La Vice Secrétaire générale de l'ONU a souligné qu'il est nécessaire que le Gouvernement fédéral de transition (GTF) somalien relève le défi d'apporter des services de base et de l'aide alimentaire dans les zones qu'il contrôle avec le soutien de la communauté internationale et par la suite renforcer la résilience sur le long terme pour éviter des pénuries à l'avenir.

Mme Migiro a également appelé le GTF à redoubler d'efforts pour une réconciliation des factions pour permettre une paix durable dans un pays qui n'a pas eu de gouvernement central efficace depuis deux décennies. Le GTF, appuyé par 6.200 soldats de la Mission de l'Union africaine en Somalie (AMISOM), a récemment pu prendre le contrôle de Mogadiscio suite au repli des insurgés islamistes du groupe Al-Shabaab. Il s'agit désormais d'étendre le contrôle du GTF dans le sud du pays.

Mme Migiro a rappelé que si la situation dans les pays voisins de la Somalie n'avait pas atteint les proportions de la famine, des millions de personnes tentent de survivre au Kenya, en Ethiopie et à Djibouti après la pire sécheresse dans la région en plusieurs décennies.
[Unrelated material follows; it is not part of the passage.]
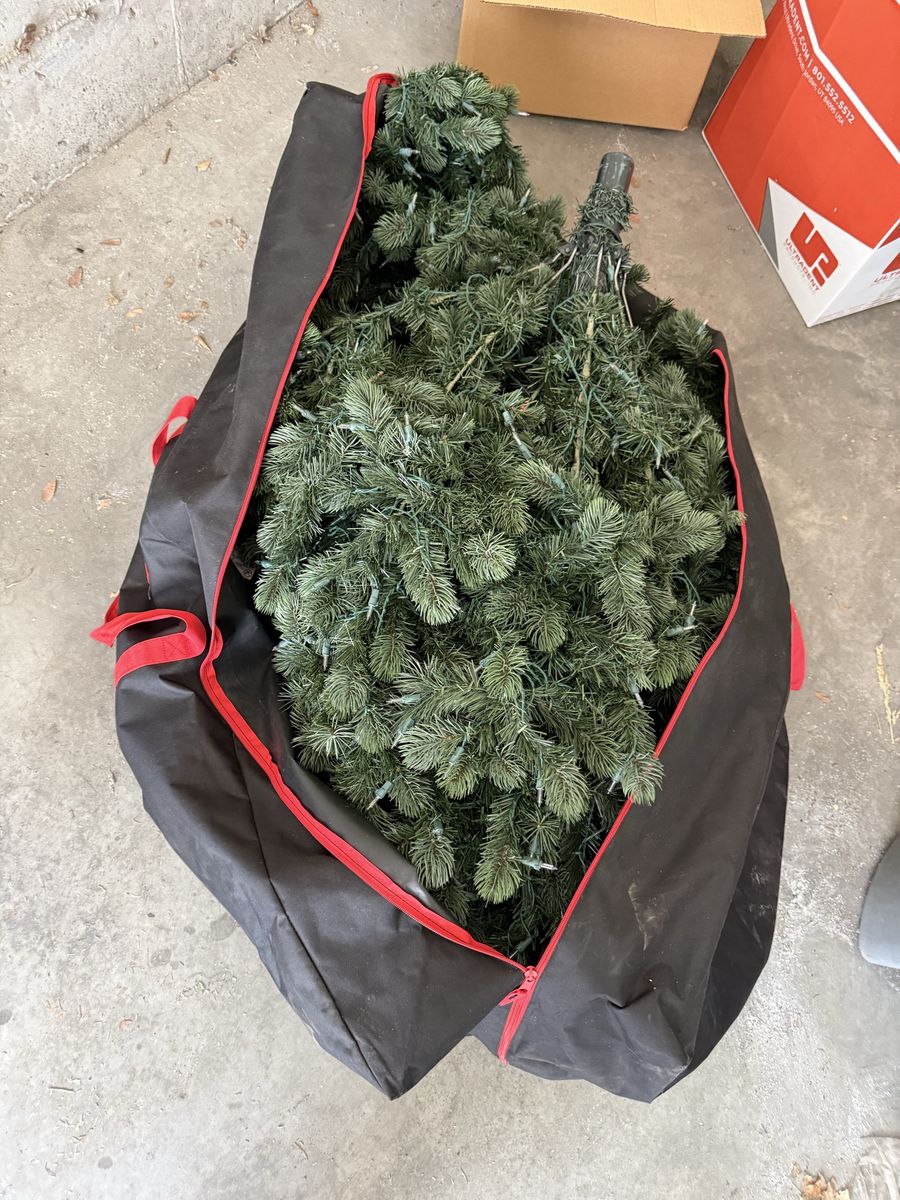 Artificial Christmas Tree with Lights, Stored in Bag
« La souffrance est réelle et répandue et nous ne pouvons pas nous permettre de perdre notre élan », a dit la Vice Secrétaire générale en référence au Kenyans et aux Ethiopiens qui malgré leur propre souffrance ont accueilli des milliers de réfugiés somaliens.

De son côté, l'Organisation des Nations Unies pour l'alimentation et l'agriculture (FAO) a averti jeudi que les efforts engagés à la fois pour protéger les agriculteurs et les pasteurs afin d'éviter que la crise ne s'aggrave davantage et accélérer le processus de relèvement, ne bénéficient pas des financements adéquats.

Le soutien aux grandes lignes du document de la FAO "Feuille de route pour le relèvement" - un ensemble de propositions pour un montant total de 161 millions de dollars destiné à promouvoir les moyens de subsistance et à construire la résilience des populations au climat et autres chocs - est demeuré à ce jour à des niveaux insuffisants, avec seulement 57,3 millions de dollars versés ou en passe de l'être, a indiqué la FAO dans un communiqué de presse.

La FAO a rappelé que les prix élevés des céréales persistent dans la Corne de l'Afrique, alors que les réserves céréalières diminuent et ne seront pas reconstituées avant la fin de l'année, en supposant que les précipitations soient favorables. Le bétail se trouve dans des conditions qui ne cessent de se détériorer, et le poids grandissant des dettes accumulées continue d'éroder la capacité des ménages à acheter de la nourriture, dans les villes comme dans les campagnes.

« Nous avons le savoir-faire, y compris les cadres, les institutions, la technologie et la capacité humaine pour éradiquer la faim dans la Corne de l'Afrique, mais nous souffrons du manque de flux fiables de ressources pour parvenir à cet objectif », a déclaré l'Union africaine dans un document élaboré pour la réunion d'Addis Abeba en collaboration avec les trois agences de l'ONU pour l'alimentation basées à Rome - la FAO, le Fonds international pour le développement agricole (FIDA) et le Programme alimentaire mondial (PAM).